Religionen sind übernational
Die Balkankriege der 1990er-Jahre sind ein Beispiel für die religiös bestimmten Fronten des Schießkrieges. Joachim von Königslöw hat nachgezeichnet, wie sich die Grenzen der Gegnerschaft mit den landschaftlich-religiösen Unterschieden nahezu decken. (1) Dennoch: Diese nationalen Begrenzungen sind eigentlich allen Weltreligionen wesensfremd; das freie Miteinander der verschiedenen Herkünfte ist ihnen viel eher gemäß. So findet sich im Christentum in einem seiner ersten schriftlichen Zeugnisse, dem Brief von Paulus an die Korinther: «Den Juden bin ich wie ein Jude geworden, damit ich die Juden gewinne.

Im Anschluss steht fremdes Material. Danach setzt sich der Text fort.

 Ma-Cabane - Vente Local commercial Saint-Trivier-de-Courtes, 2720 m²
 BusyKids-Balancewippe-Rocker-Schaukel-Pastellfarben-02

Denen unter dem Gesetz bin ich wie einer unter dem Gesetz geworden – obwohl ich selbst nicht unter dem Gesetz bin –, damit ich die unter dem Gesetz gewinne. Denen ohne Gesetz (Griechen) bin ich wie einer ohne Gesetz geworden – obwohl ich doch nicht ohne Gesetz bin vor Gott, sondern bin im Gesetz vor Christus.» (2) Rudolf Steiner gibt in seinem Vortrag ‹Pfingsten, das Fest der freien Individualität› als Merkspruch aus: «Du bist ein Mensch mit allen Menschen der Erde.» (3) Er sieht unter dem Walten des Heiligen Geistes den Volksgeist scheinbar pauschal abgelöst «von einem ihm zwar verwandten, aber viel höher wirkenden Geist, von einem solchen Geiste, der sich verhält zu der ganzen Menschheit, wie sich der alte Geist verhalten hat zu den einzelnen Völkern». Im Hinduismus hemmen ursprünglich eher die Kasten die unbefangene Gemeinschaft, nicht die Nation, auch wenn die Hindus überwiegend aus einem Volke stammen. Im Buddhismus steht im Mittelpunkt der Weg zum Geist, der ohnehin über die irdische Herkunft hinausführt. Der Islam ist trotz seiner arabischen Herkunft übernational. So reichte der Halbmond schon fast zu Beginn seines rasanten Siegeszuges von Vorderasien über Nordafrika bis Spanien. Gerade weil der Koran weltliche Verfassungen überflüssig machen will, sind Unterschiede des Volkes und der Herkunft nicht wichtig. (4) Das Judentum stand zwar zunächst für die Reinhaltung des Erbstroms, aber diese Bedingtheit ist lange her; die jüdische Gemeinschaft ist – auch durch die ständigen Vertreibungen – übernational geworden.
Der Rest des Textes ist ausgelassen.